A battle over no parking signs inside a small Indian Land neighborhood made its way to Lancaster County Council last month.

Panhandle resident Erwin Feiner, who lives along Largo Lane in the Arlington neighborhood, brought his concerns about such signs, and the legality of towing cars along county roads, to council’s Jan. 28 meeting.

Feiner, a former police officer, expressed concern with an unwelcome development he’s observed in his neighborhood – the addition of multiple no parking signs on several roads. The neighborhood is located in the northern end of the county, just off S.C. 160 and only a few miles from U.S. 521.

After discussions with county officials, representatives from his homeowners association and members of the S.C. Department of Transportation, Feiner decided to approach council for clarification on the issue and answers to his questions.

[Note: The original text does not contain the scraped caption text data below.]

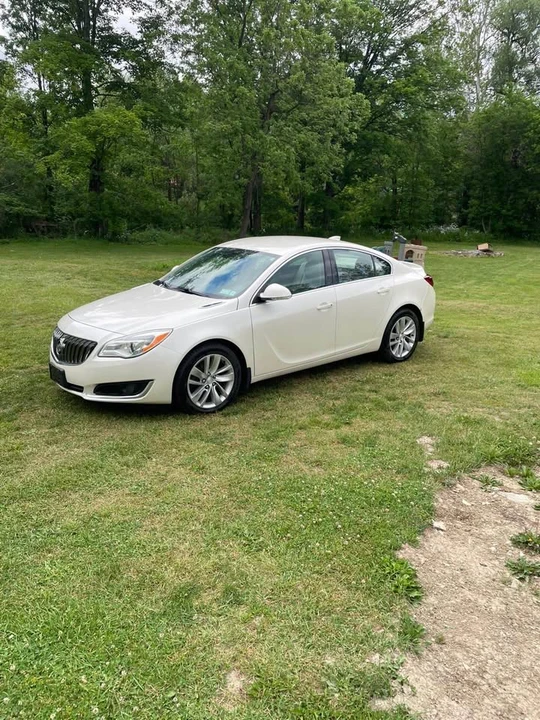 2015 Buick Regal - Image 2 of 15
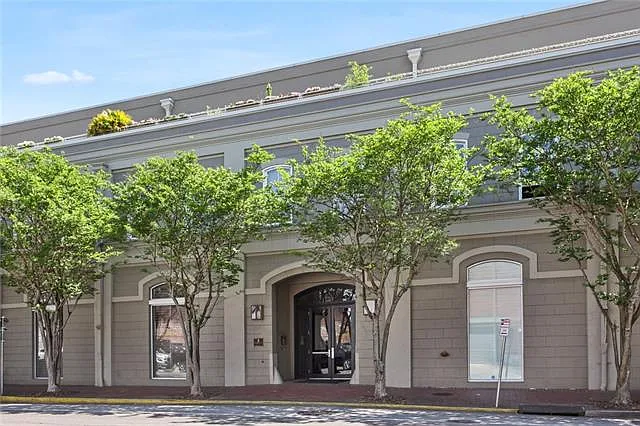 840 Tchoupitoulas St #221 — Photo 1
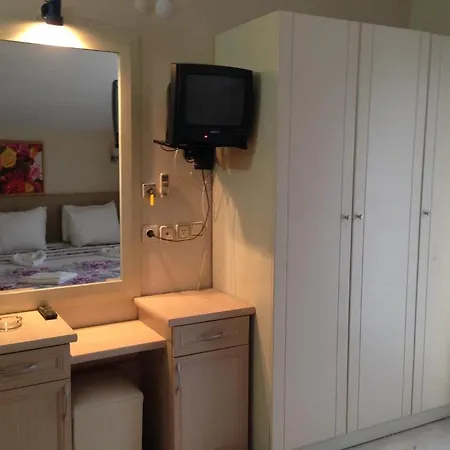 Apart Otel Siesta Apart İçmeler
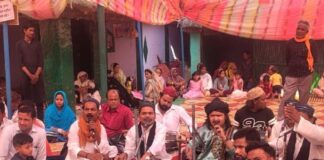 सय्यद बाबा तस्वीर शाह वारसी का 14वां उर्स आयोजित:अमानाबाद शरीफ में महफिले समा की धूम, कव्वालों ने अपनी प्रस्तुतियों से समां बांध दिया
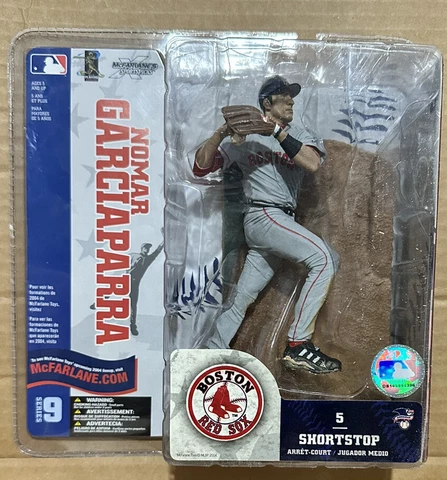2004 McFarlane MLB Series 9 Nomar Garciaparra Boston Red Sox Figure Gray Jersey Cover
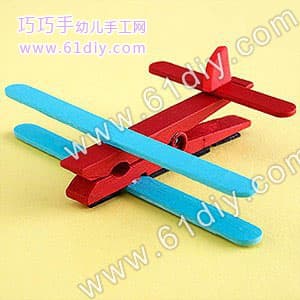 Clip popsicle stick making airplane model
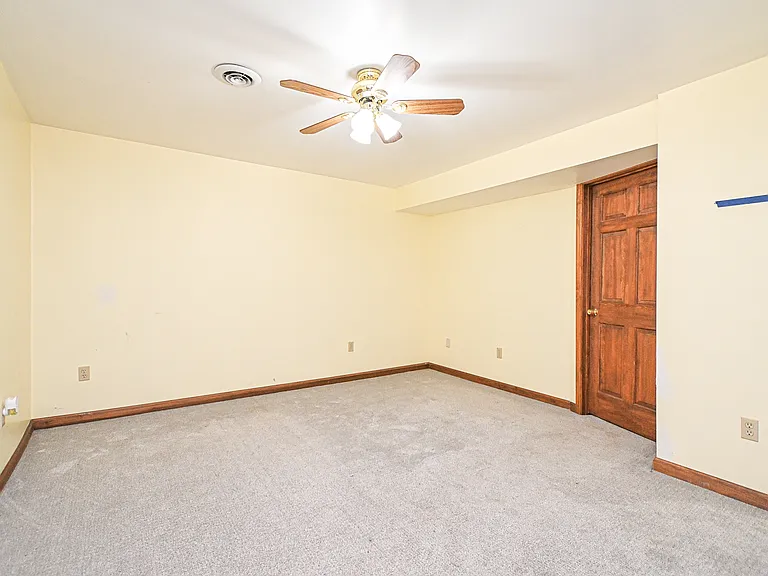 5959 Shallow Creek Dr — Photo 58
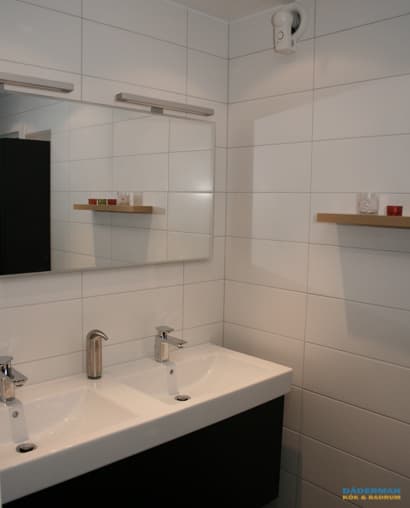 Badrum i svart och vitt kakel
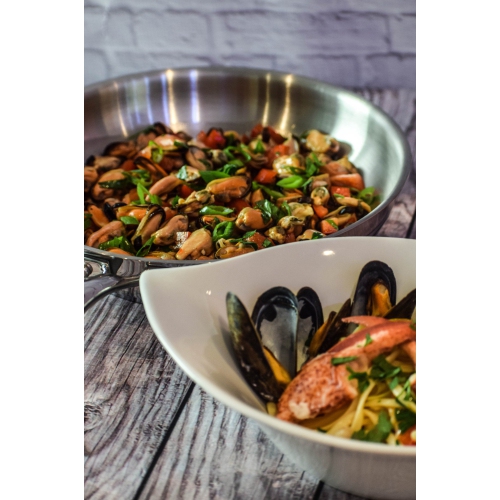 Batterie de cuisine en acier inoxydable Accolade de Meyer, 11 pièces, fabriquée au Canada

Feiner’s main question was whether a homeowners association can post no parking signs and then tow cars from county roads.

“They’ve towed 22 cars from the development. Now they’re talking about not towing anymore, but booting the cars,” Feiner said. “But what happens if there is an emergency and there’s a woman with a sick child? How do you get out?”

“I don’t believe private citizens or a group can put signs on a county road,” he told council.
Feiner left the meeting without any direct input from council, though District 7 Councilman Brian Carnes weighed in on the issue Wednesday, Feb. 6.

Carnes, who represents that area of the county, said he first learned of the debate from friends who live in that neighborhood. He has since met with members of Arlington’s homeowners association to discuss the potential problem.

“Now I’ve got a list of questions submitted to the county administrator to get some answers to see what the overall picture is,” Carnes said.

From what Carnes has learned, no parking signs were initially installed in the neighborhood’s cul-de-sacs and towing was allowed in those areas. He said the homeowners association has since installed similar signs on other roads because of safety concerns.

“They told me their initial recommendation coming out of their safety committee was to install signs because of near-misses and one person who got bumped by a car because of all the cars parked along the edge of the road,” Carnes said.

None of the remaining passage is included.